Итак, перед нами поэт, являющийся личностью мятущейся. Его социальное положение крайне неопределенно и мучительно. Он чувствует обреченность своего класса, своего типа. Он ненавидит окружающую действительность и своего непосредственного победителя — буржуазию и ее дух. С ранней молодости он стремится противопоставить этой действительности мечту. Он ищет путей к возвышенной мистике, с которой сливаются молодые чувства чистой, восторженной любви. Но в глубине этих «белых роз» уже таятся гусеницы. Гусарское начало буйного похмелья, начало дворянского разгула выбрасывается на поверхность в особой форме. Это безумствование чувственности воспринимается как поиски истины на дне бокала, как стремление сквозь грех обрести какой-то особенный смысл жизни, как искание Диониса, быть может, даже Христа сквозь оргиазм.

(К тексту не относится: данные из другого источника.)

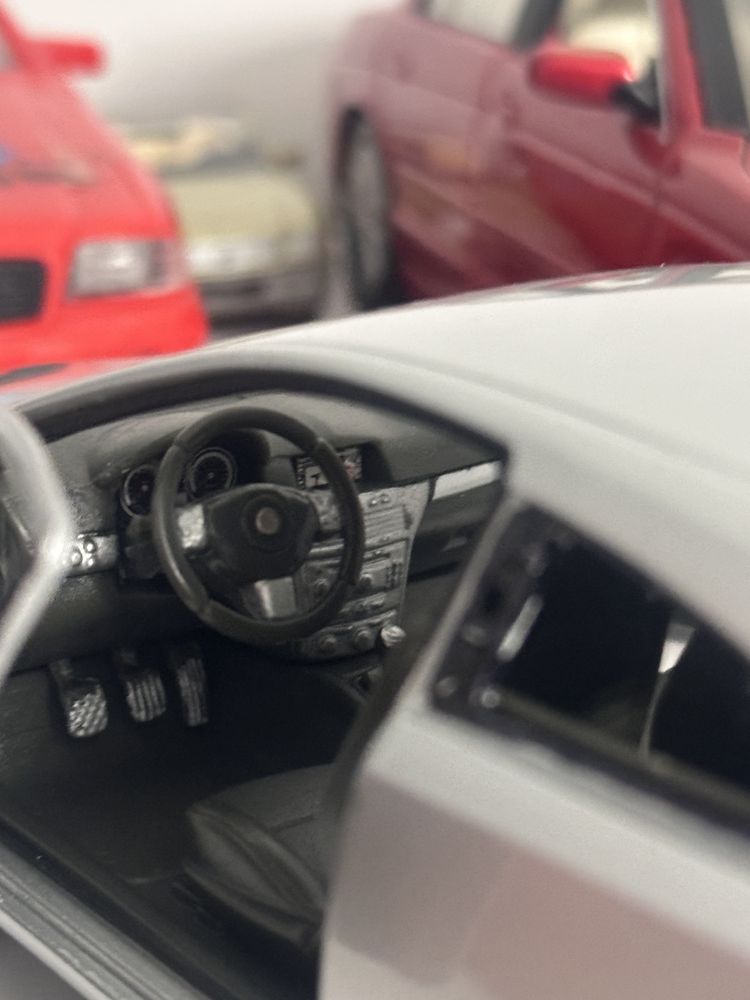 Welly opel astra saturn vauxhall 1/24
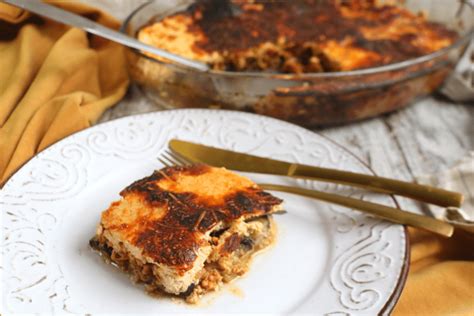 keto-greek-moussaka-recipe-low-carb-comfort-food image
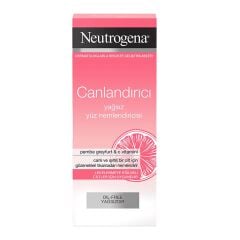 Neutrogena Canlandırıcı Pembe Greyfurt Yağsız Nemlendirici 50 ml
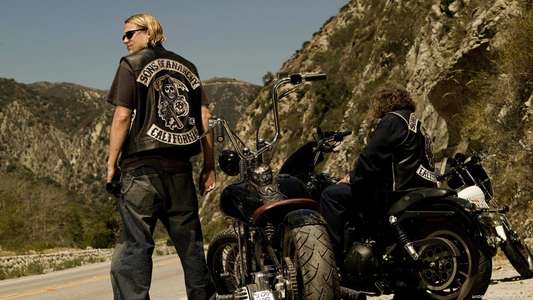 Sons of Anarchy - Backdrops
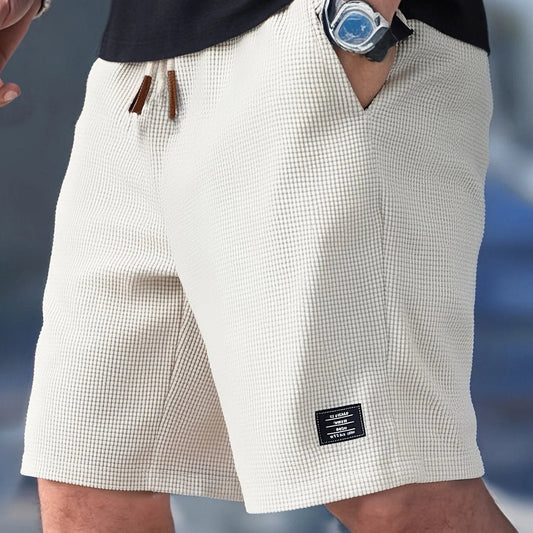 Dean | Elegant Easy-Fit Shorts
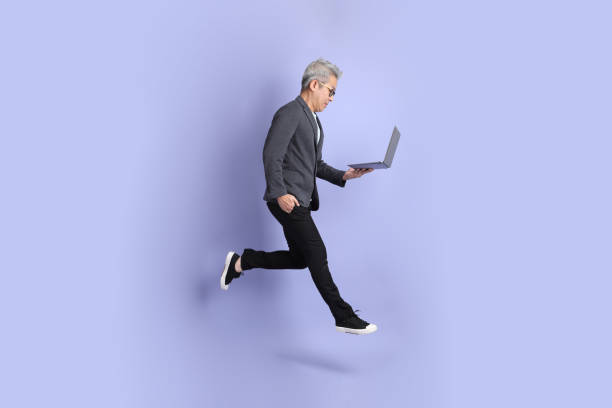 istock 50s Asian Businessman 2154163643
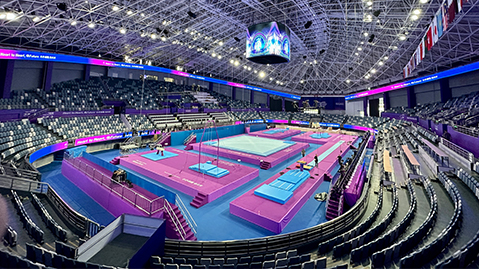 千亿:别再困惑如何施工啦!专家教你塑胶跑道材料系列施工流程大揭秘!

Вот эти-то стороны Блока делают его особенно подходящим выразителем не только для всей подобной ему погибающей дворянской интеллигенции, но и для интеллигенции буржуазной, к тому времени дошедшей также до границ пропасти в своей столь короткой в нашей стране жизни. Во все это вмешивается «музыка революции». В ней Блок старается воспринять нечто глубоко родственное своим стихийным исканиям, своему желанию заглянуть за пределы бытия. Эта революция русско-крестьянская, русско-бунтарская, мужицкое революционное начало, мужицкая правда — были исстари теми полюсами, к которым прибегали и Герцены, и Бакунины, и Толстые для того, чтобы спастись от своего дворянского отчаяния. Блок романтизирует эту революцию. Он «облагораживает» ее в том смысле, что делает ее родственной то своим «святым» исканиям, то своим исканиям греховным. То и другое он находит в кабацком размахе своих «Двенадцати» и в сопровождающем их Христе. С этими стихиями переплетает он революционное начало.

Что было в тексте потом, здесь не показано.